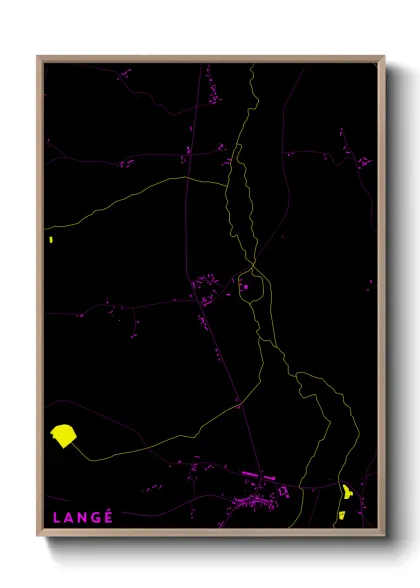 Une affiche de carte sur Langé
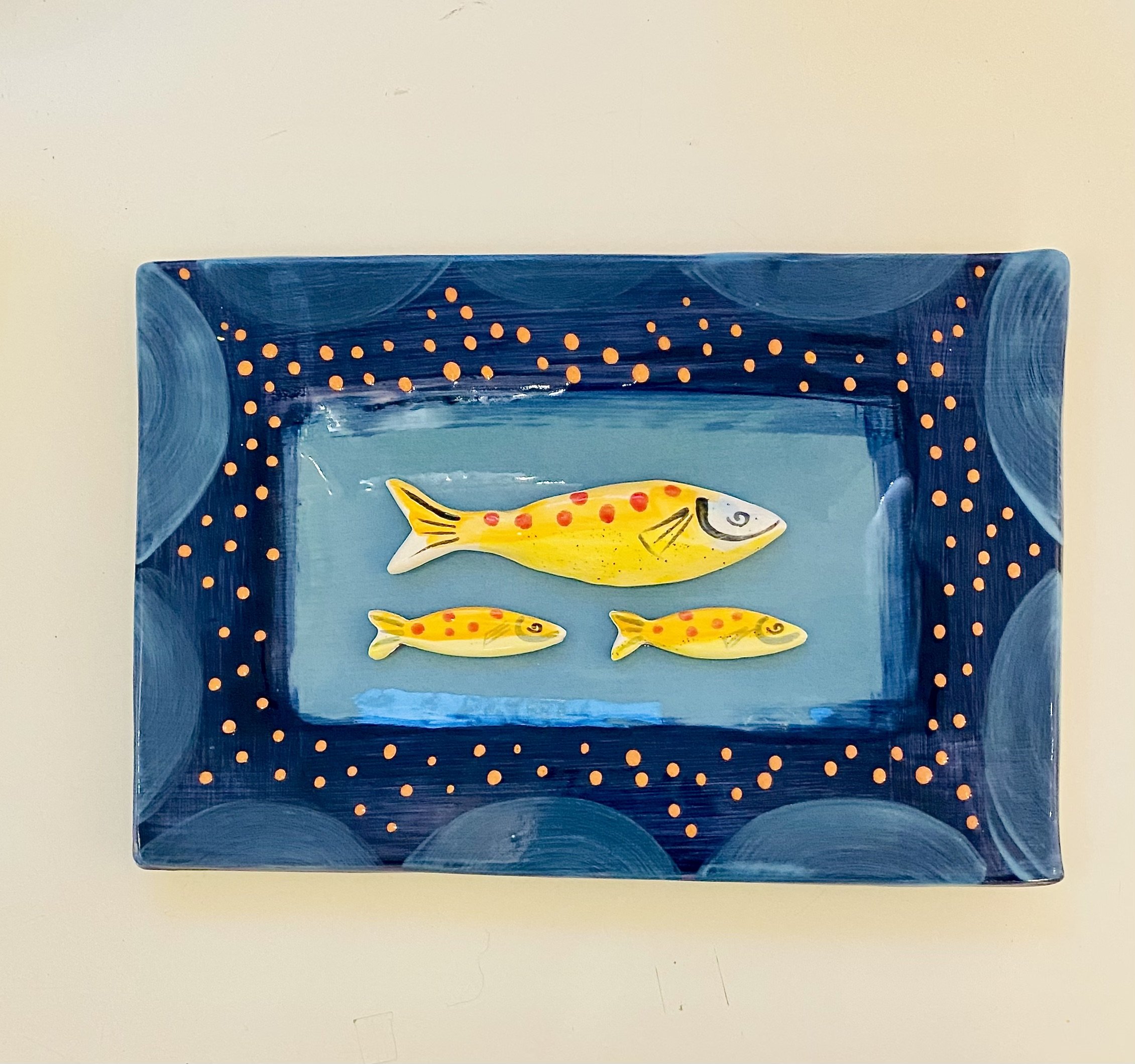 'Happy Fish Platter' hand made ceramic slipware 33cm x 22cm £195 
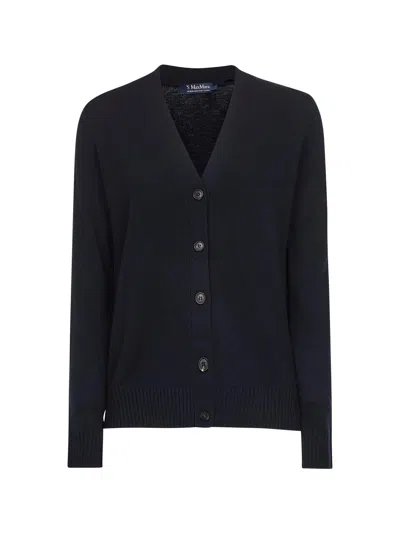 Max Mara S Blue Wool Knit Apollo Cardigan
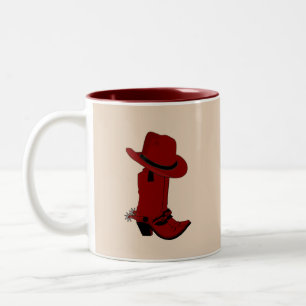 Tasse 2 Couleurs Chapeau rouge country & bottes sur fond beige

EXERCISE GOAL:
All of the data must be set down exactly, with no pictures included.

EXERCISE OUTPUT:
 Une affiche de carte sur Langé
 'Happy Fish Platter' hand made ceramic slipware 33cm x 22cm £195 
 Max Mara S Blue Wool Knit Apollo Cardigan
 Tasse 2 Couleurs Chapeau rouge country & bottes sur fond beige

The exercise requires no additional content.